Aim of the exercise —
What is needed is an exact reproduction of the lines from the one that contains "The last thing" through the end of the data, both included and nothing else, with pictures omitted.

Recorded information —
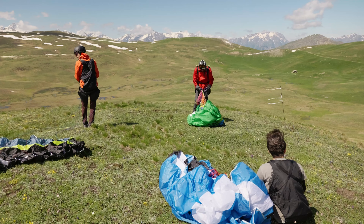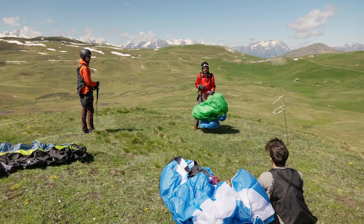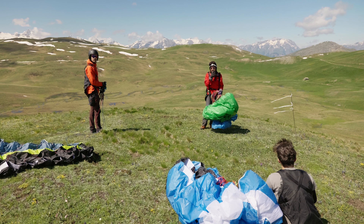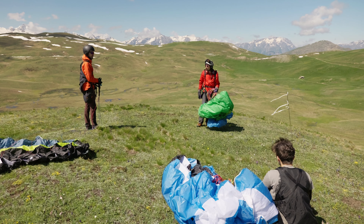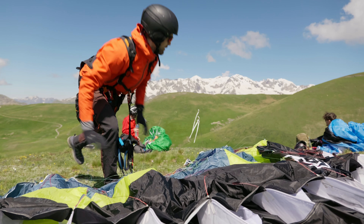As you see, the wind direction is changing now. Sometimes it's getting going like even from the right, so you should be ready that your inflation will be like side wind a little bit — be ready to compensate all the stuff. But it will be easier to launch on the steep part.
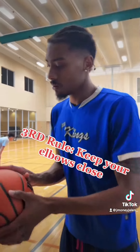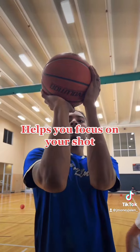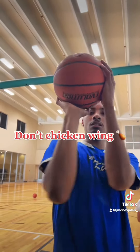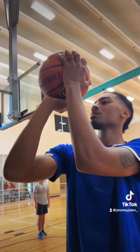The last thing is this: when you shoot, you want to make sure your elbows are close together. If you're chicken-winging it, you ain't going to make nothing. You got to keep your elbows close together, because the closer you keep them together, the more accurate your shot.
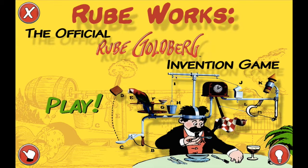Howdy folks, it's MonsterPandora here, and welcome to RubeWorks, the official Rube Goldberg invention game. I've always kind of been a little bit of a fan of Rube Goldberg machines. If you don't know what that is, take a little peek here. It's just a really absurdly complicated invention to do a very simple task. In this case, wipe this guy's mustache after he has some soup.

Exercise response —
The last thing is this: when you shoot, you want to make sure your elbows are close together. If you're chicken-winging it, you ain't going to make nothing. You got to keep your elbows close together, because the closer you keep them together, the more accurate your shot.
Howdy folks, it's MonsterPandora here, and welcome to RubeWorks, the official Rube Goldberg invention game. I've always kind of been a little bit of a fan of Rube Goldberg machines. If you don't know what that is, take a little peek here. It's just a really absurdly complicated invention to do a very simple task. In this case, wipe this guy's mustache after he has some soup.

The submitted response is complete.